Was there an event or an “aha” moment when you realized that your life needed to change?
I wrote for the first 20 years of my career. I entered the corporate world later than most women, in my late 40’s. Then in 2008 after the economic downturn, corporations starting laying off workers, especially older ones with higher salaries. Ageism as we know is a form of discrimination but it goes on everyday all over the world and sexism continues as well. So I didn’t want to particularly rejoin that culture and decided to return to writing but this time not for hire as I had done in the past.
How much time did you take before making these decisions and what helped you with your thought process?
I also knew from the past that writing can be very solitary and that I would need to do something else that involved working with people. We’re all very aware of the volatile state of the world today. That plus my experiences living in the US and a small village in the south of France, where you can really feel the impact of heavy immigration from northern Africa, helped me decide to create a non-profit, Eurica Media Lab. I serve as its Executive Director and it has a mission of cross cultural education and exchange through the use of film, television, and the internet. And by the way that theme also comes out in my novel as well.

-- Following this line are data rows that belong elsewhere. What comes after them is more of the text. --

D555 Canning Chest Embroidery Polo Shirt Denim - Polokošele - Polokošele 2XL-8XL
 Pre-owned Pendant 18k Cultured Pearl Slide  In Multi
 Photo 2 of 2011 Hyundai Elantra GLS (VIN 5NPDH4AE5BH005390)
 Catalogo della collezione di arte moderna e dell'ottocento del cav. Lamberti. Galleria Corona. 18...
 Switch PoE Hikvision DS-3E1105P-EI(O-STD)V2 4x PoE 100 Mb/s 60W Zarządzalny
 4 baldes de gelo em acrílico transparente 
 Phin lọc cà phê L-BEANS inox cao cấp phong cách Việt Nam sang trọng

So some days I’ll write; other days I get to work with my Board of Directors or the professional volunteers and the students from Eurica and some days I’ll do both. Now I find myself doing all the things I want to do and not things I have to do. It’s a luxury I think I’ve earned.
So you’ve finished your first novel. Do you have another one in you or is that it?
My first novel, “The Infidel in Plaid,” took a long time. It’s a very different process than from the screenplays I had written in the past but I love it. Now in my second novel I am looking back on the shape of my childhood as one does as you grow older and dealing with some unfinished business. It’s about what’s it like to grow up in the military and to tell mine and my mother’s stories - two very different ones. We know that our military is very stretched today and our soldiers are having lots of trouble when they return to their families. I want to reveal how it shapes the children and it does call upon a lot that I’ve experienced. It’s not a memoir yet it’s something very personal.
What else is different about your second life? Your daily routines, your relationships, your homes, your free or down time?
Well I was used to working at home even when I was in the corporate world so my day doesn’t vary drastically except for not having a salary so I do feel a bit more constrained. I’ve driven the same old Range Rover for the past 12 years and frankly I feel an old clunky car sets you apart. I guess I rely more on frequent flyer programs and monitor how often I go out with friends. But I now have more time to focus on family.